● **WHAT IS NEEDED**
Starting at the line that contains "Fotos del hotel", output each line exactly as written through the end of the listing below, but leave out the pictures.

+++ DATA UNDER STUDY +++

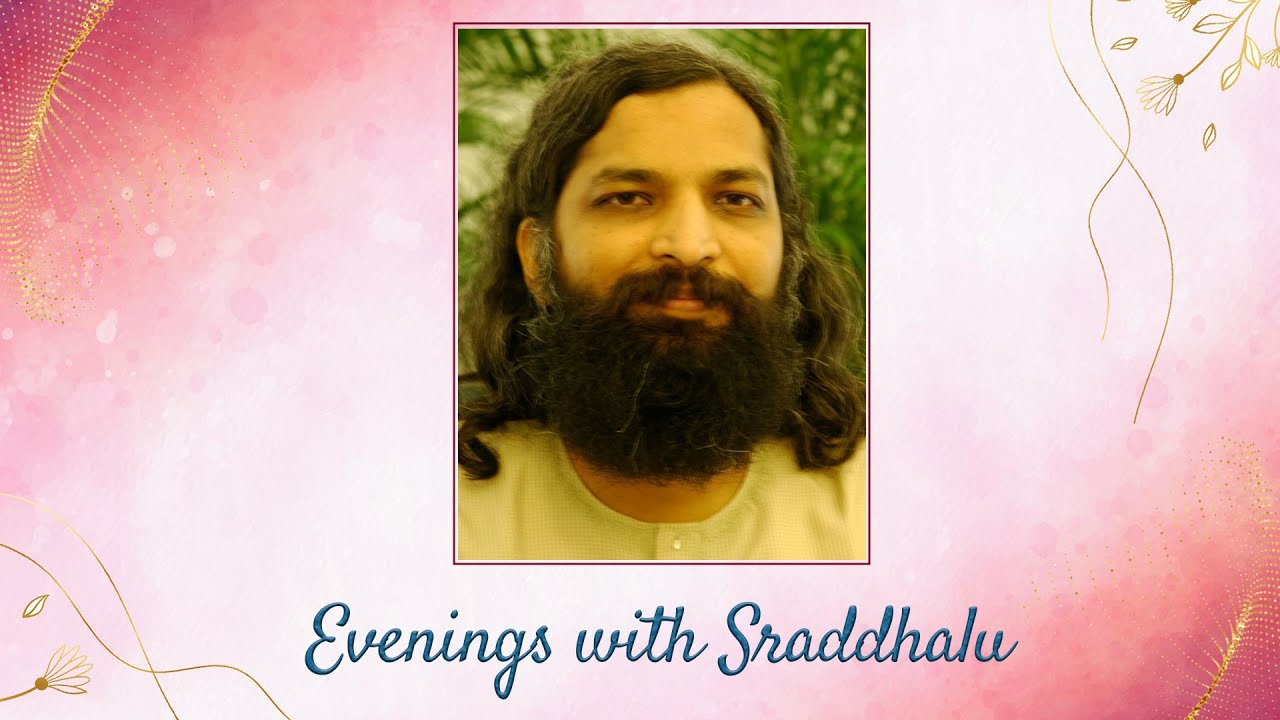 Evenings with Sraddhalu - Part 198 - Dreams, Visions, Exteriorisations (OBE) - III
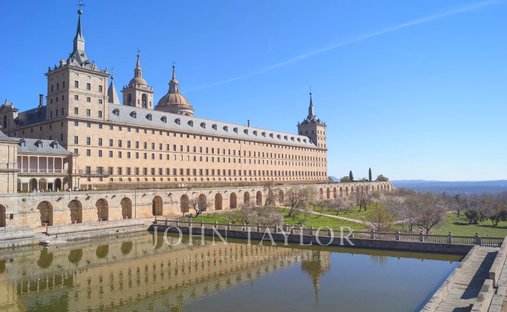 San Lorenzo de El Escorial, Community of Madrid, Spain 1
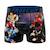 Lot de 3 boxers junior sonic Bleu/noir/rouge 5 - vertbaudet enfant 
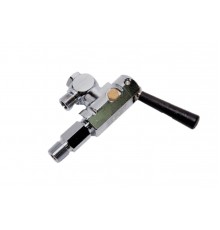 Кран заправочный в сборе, PN200;PN300, 86615-F03, Bauer kompressoren GmbH (стар.86615/5032-F03/075353)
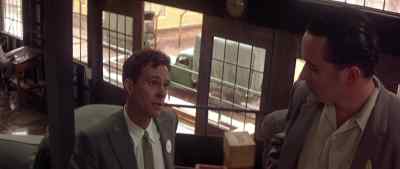 Look, let me keep this paper. - Fat Man and Little Boy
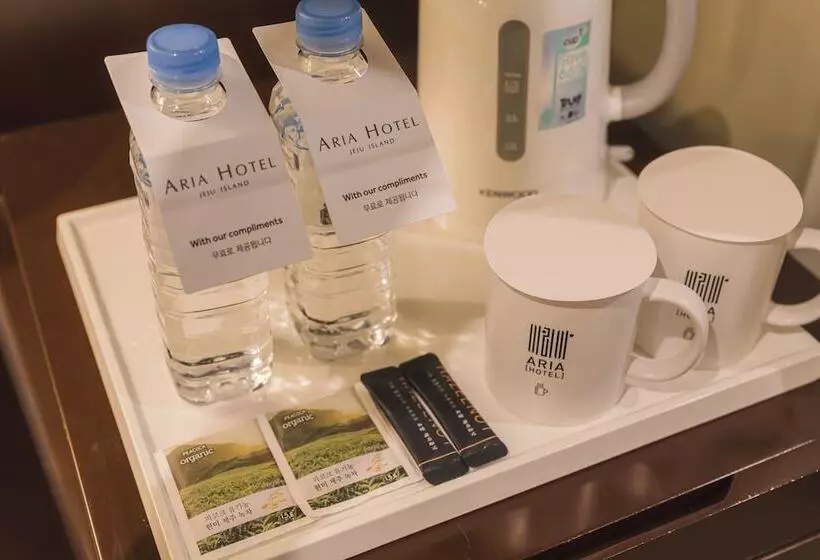 Fotos del hotel Aria  Jeju:  25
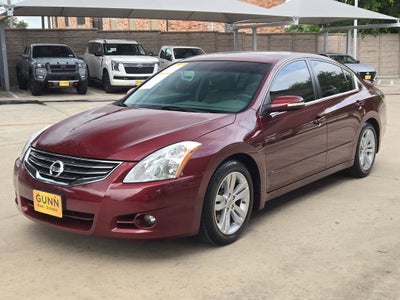 2011 Nissan Altima 3.5 SR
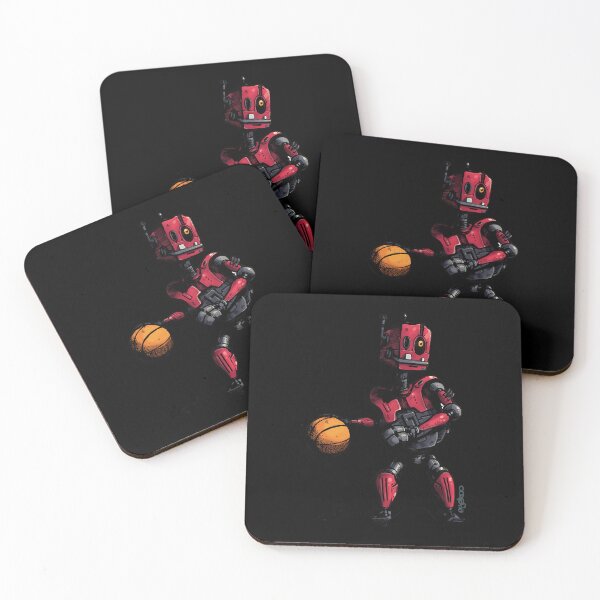 Item preview, Basketball Bot  designed and sold by HarryJo1525017.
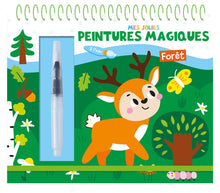 Charger l&#39;image dans la galerie, Mes jolies Peintures Magiques - Forêt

+++

● **WRITTEN RESPONSE**
 Fotos del hotel Aria  Jeju:  25
 2011 Nissan Altima 3.5 SR
 Item preview, Basketball Bot  designed and sold by HarryJo1525017.
 Charger l&#39;image dans la galerie, Mes jolies Peintures Magiques - Forêt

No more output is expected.